It's not recommended if the lights are run off the mains. Let me try and explain this.
In the tube radio days (1930's through the 1960's), there were two ways to run tubes, off a full wave power supply with a transformer (xformer job is divide and boost/reduce the voltage to feed various parts of the circuit). For instance, in my Packard Bell, it uses a full wave power supply with a 5U4 tube. The voltage is boosted to 400 for the output tubes, then dropped to service the rest of the circuit, the lowest drop down is 5 volts for the rectifier (the glowy thing inside of the tube). The key here is that each of the 18 tubes in the stereo, are connected to their own filament source. Each tube gets 6 or 5 volts depending on it's filament requirement, and if one goes out, the circuit can still more or less function. This is called parallel.
The other option was series. Series doesn't use a transfomer. It depends on the actual filament voltage of the tubes to create the voltage drop.
This is called the AA5 or All American 5 radio, here's the tube list,
Converter: 12BE6
IF amplifier: 12BA6
Detector and first audio amplifier: 12AV6 or 12AT6
Audio power output: 50C5 or the less-common 50B5
Rectifier: 35W4
In the case, the "12", "35" and "50" is the amount of voltage the filament "eats".
Starting with 120 volts from the wall, it's 12+12+12+50+35= 121
If a tube burns out, the entire radio dies until that tube is replaced.
This is where your fairy lights come in.
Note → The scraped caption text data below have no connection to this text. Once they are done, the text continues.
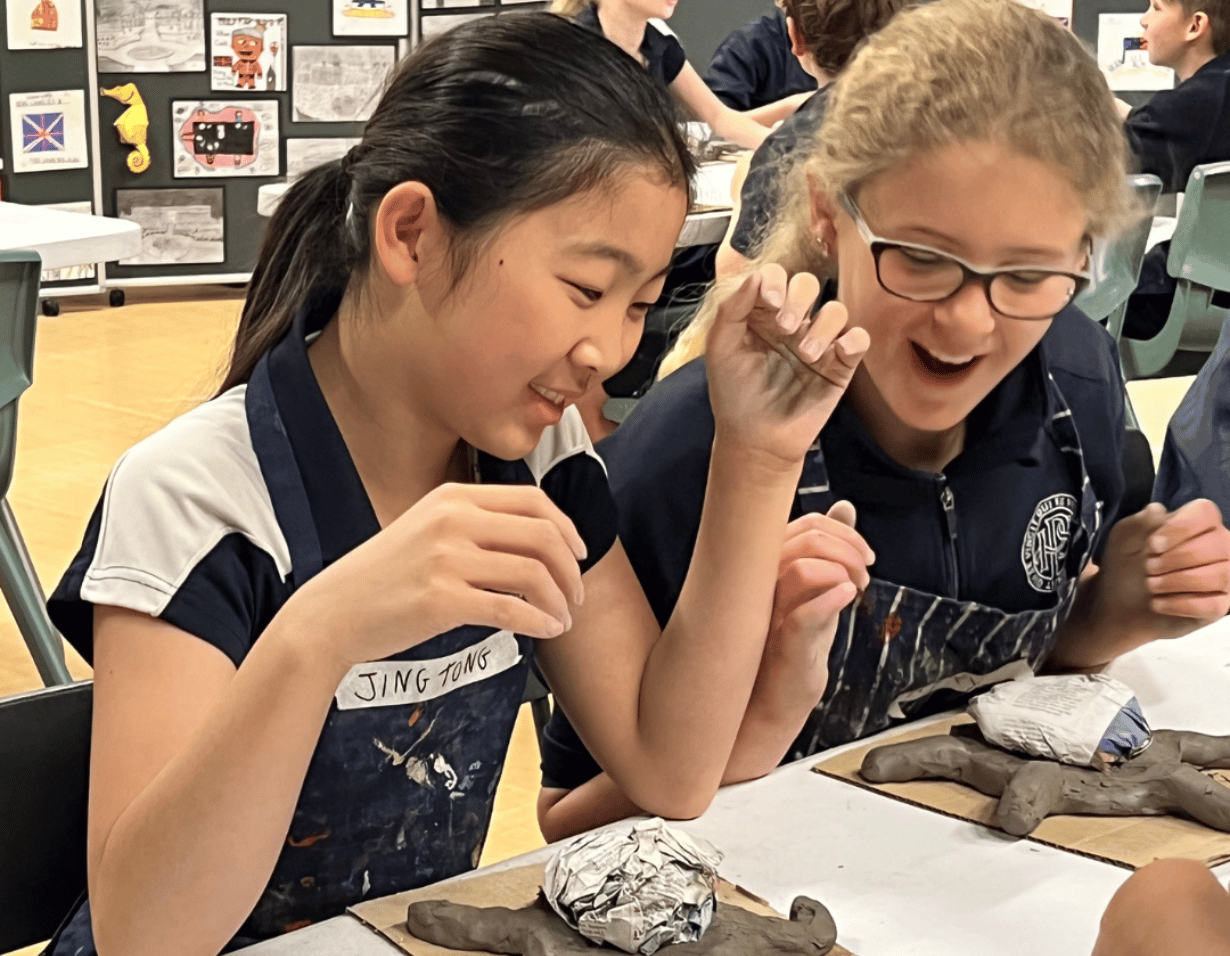 Prep pupils at their art lessons at Ibstock Place School, a private school near Richmond.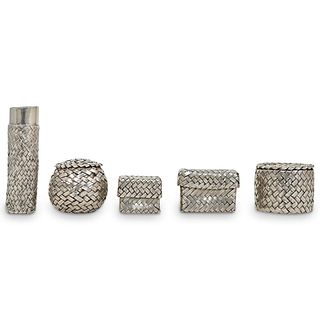 (5 Pc) Mexican Sterling Silver Weaved Baskets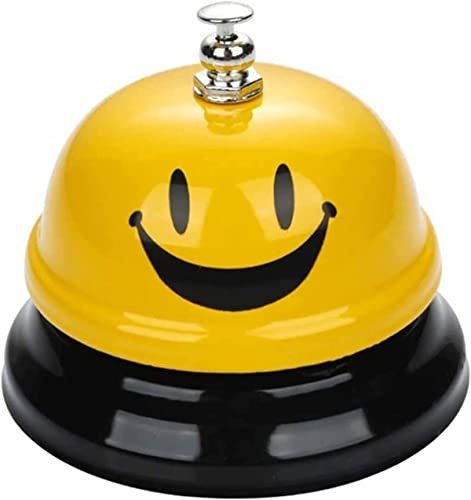 KOMUNJ Loud Hand Bell Table Bell Food Bell for Hotel Restaurant Kitchen School Reception Area (Yellow)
They to are rated for a certain amount of voltage. 10-12 light American fairy lights are rated at 10- 12 volts each. 10 X 12 = 120 volts. If the lamps have a shunt installed, the lights can continue to operate, but the voltage is raised on the others, which can cause the others to burn out much quicker.
The short story is, don't do it unless you have a transformer rated at the voltage for each light, then you can separate them and run each light off the transformer. (which is what my Packard Bell is doing with parallell circuit for the tube filament line, each tube has it's own wire connected to the xformer).